Task details: Please print, exactly, only the lines in the entries below from the line that has "Лопатка для миксера планетарного Abat МПЛ-40" through the line that has "ZOMRO.COM 2024 Logo". Pictures don't go in.

Stored items from a collection:
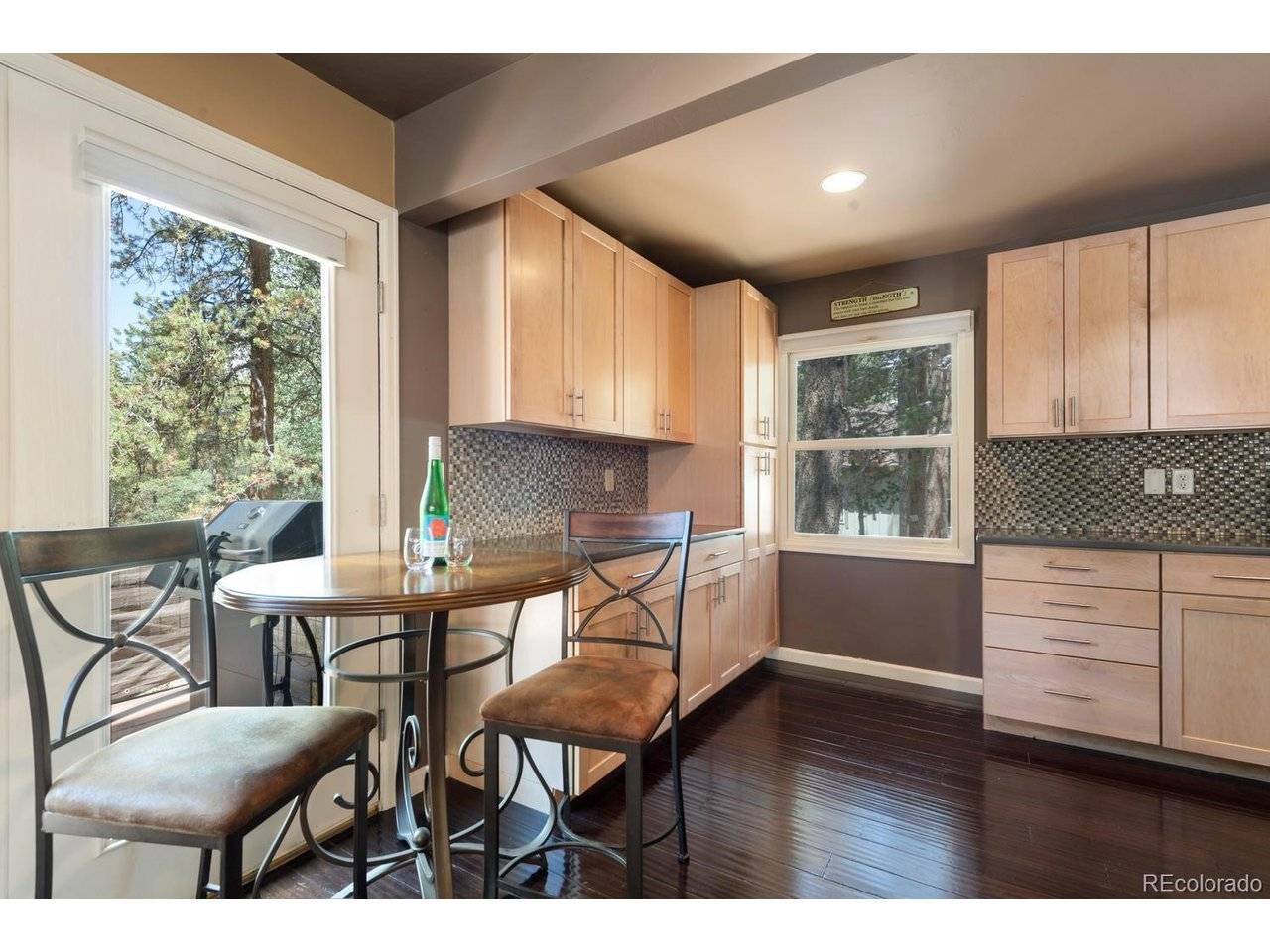 1820 Prospector, Leadville, CO 80461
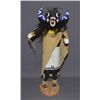 Image 1 : HOPI KACHINA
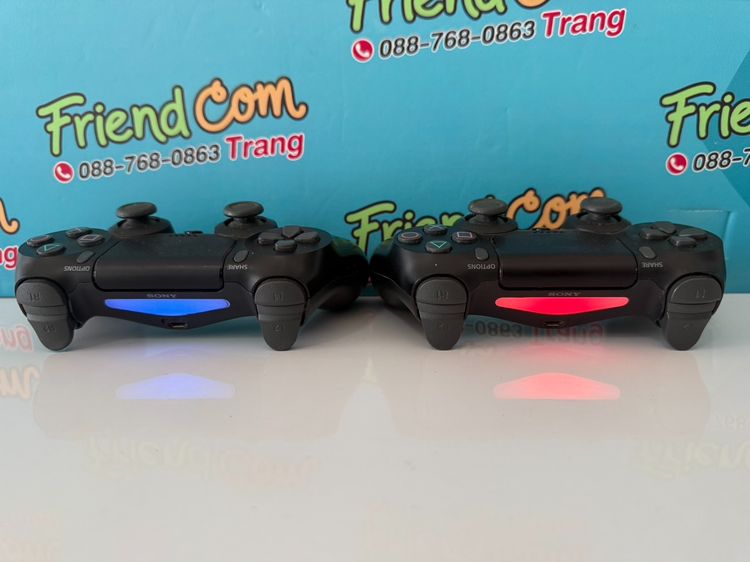 PS4 Pro 1TB (CUH-7106 B) รูปที่ 4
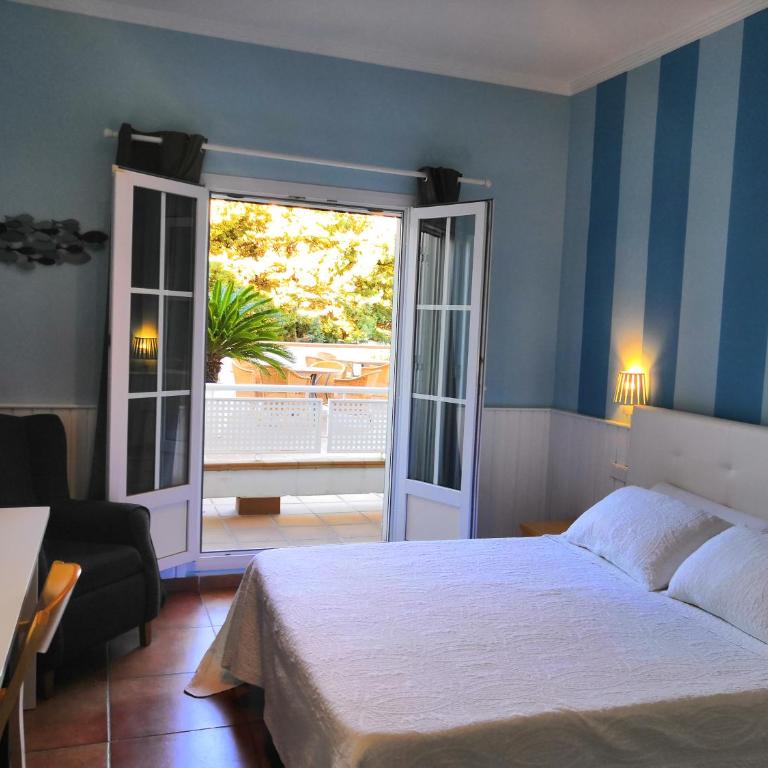 Hotel Marisma Sancti Petri - Chambre Double - 2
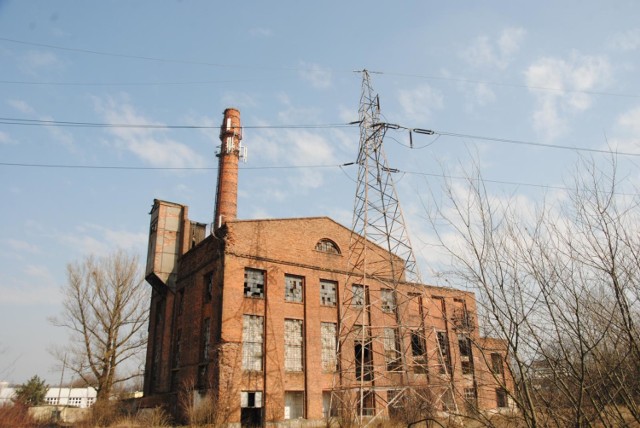 Dawna elektrownia Radziwie: zobacz zdjęcia opuszczone budynku! [FOTORELACJA]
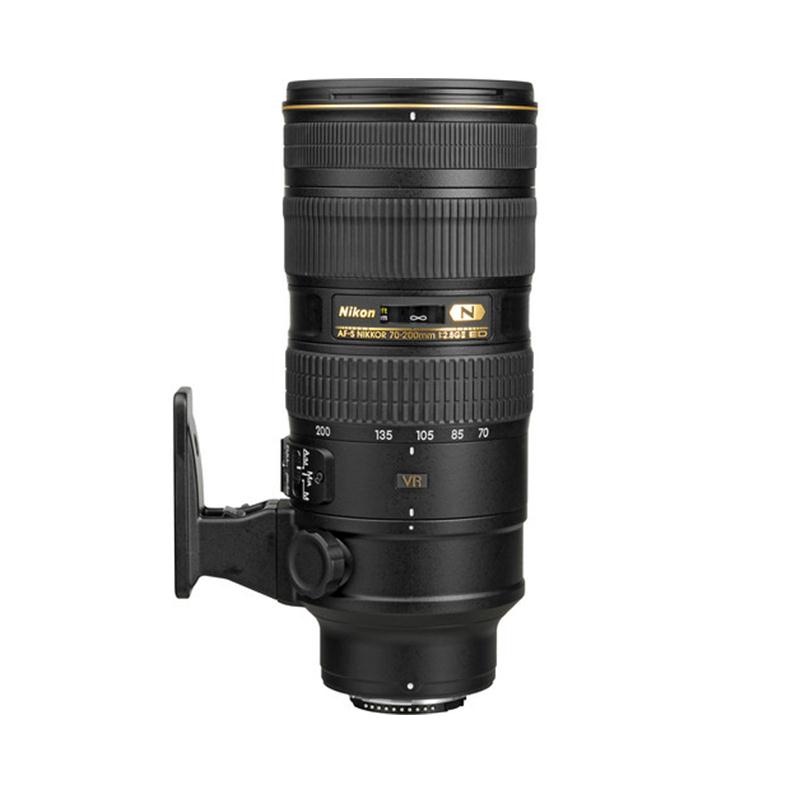 完璧 ケース付 Nikon AF-S 70-200mm F2.8G ED VR II staronegypt.com.eg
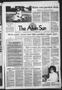 Primary view of The Alvin Sun (Alvin, Tex.), Vol. 90, No. 234, Ed. 1 Thursday, July 31, 1980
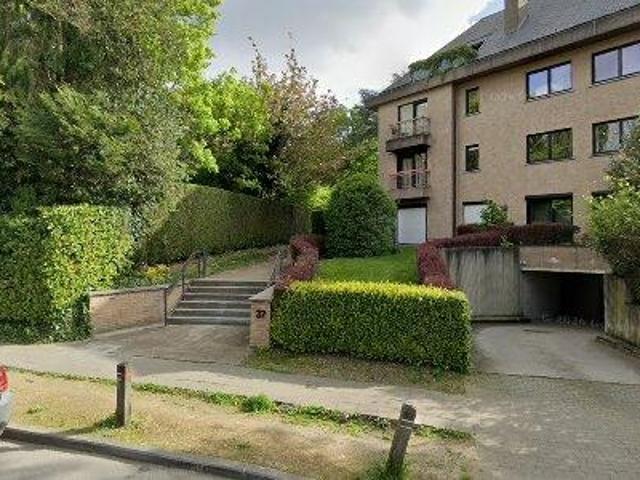 Apartment for rent in Brussels Ukkel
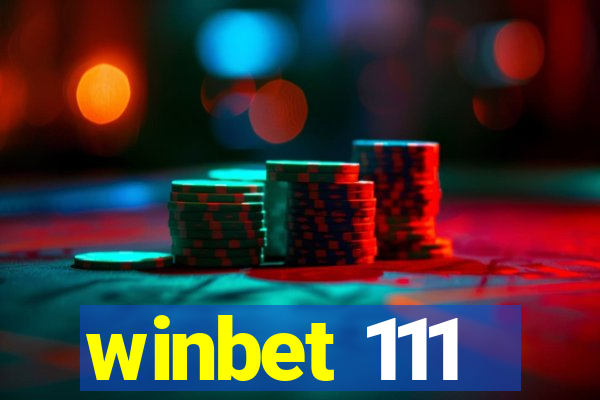 winbet 111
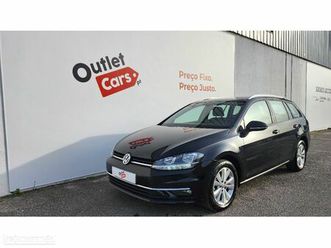 vw golf variant 1.6 tdi confortline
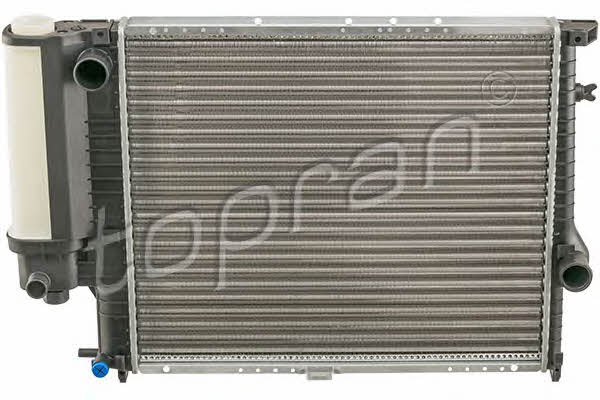 Topran 502 281 Radiator, engine cooling 502281: Buy near me in Poland at 2407.PL - Good price!
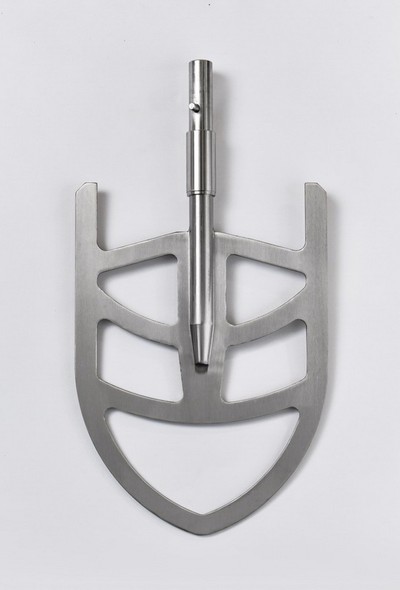 Лопатка для миксера планетарного Abat МПЛ-40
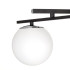 Настенно-потолочный светильник Citilux Dorsy CL223142 Настенно-потолочный светильник Citilux Dorsy CL223142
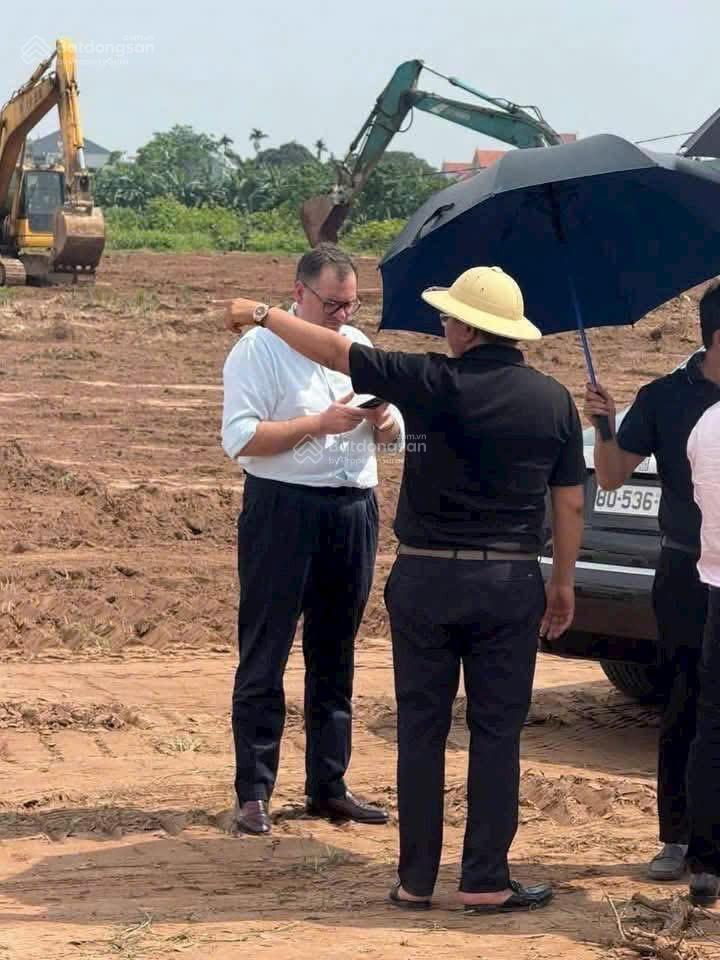 Đất khu dân cư gần trung tâm sân gold của tập đoàn trump tiềm năng tăng giá cao trong 12 năm tới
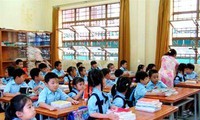 Tingkat Pendidikan umum dan pendidikan pasca umum di Vietnam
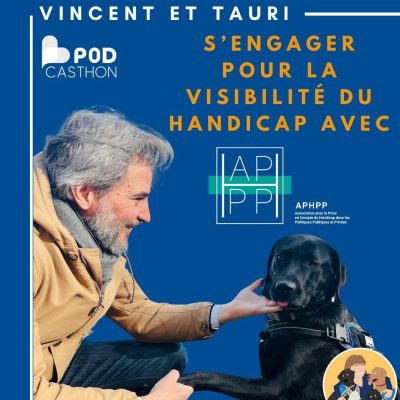 S'engager dans le handicap avec Tauri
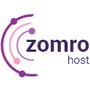 ZOMRO.COM 2024 Logo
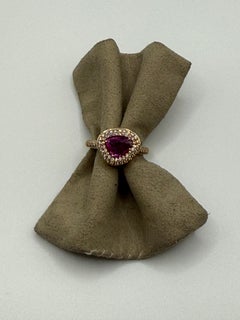 Celine Roelens DIDI Ring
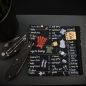 Preview: Li.JU Hank, ALL YOU NEED IS A KNIFE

Solution to this task:
 Лопатка для миксера планетарного Abat МПЛ-40
 Настенно-потолочный светильник Citilux Dorsy CL223142 Настенно-потолочный светильник Citilux Dorsy CL223142
 Đất khu dân cư gần trung tâm sân gold của tập đoàn trump tiềm năng tăng giá cao trong 12 năm tới
 Tingkat Pendidikan umum dan pendidikan pasca umum di Vietnam
 S'engager dans le handicap avec Tauri
 ZOMRO.COM 2024 Logo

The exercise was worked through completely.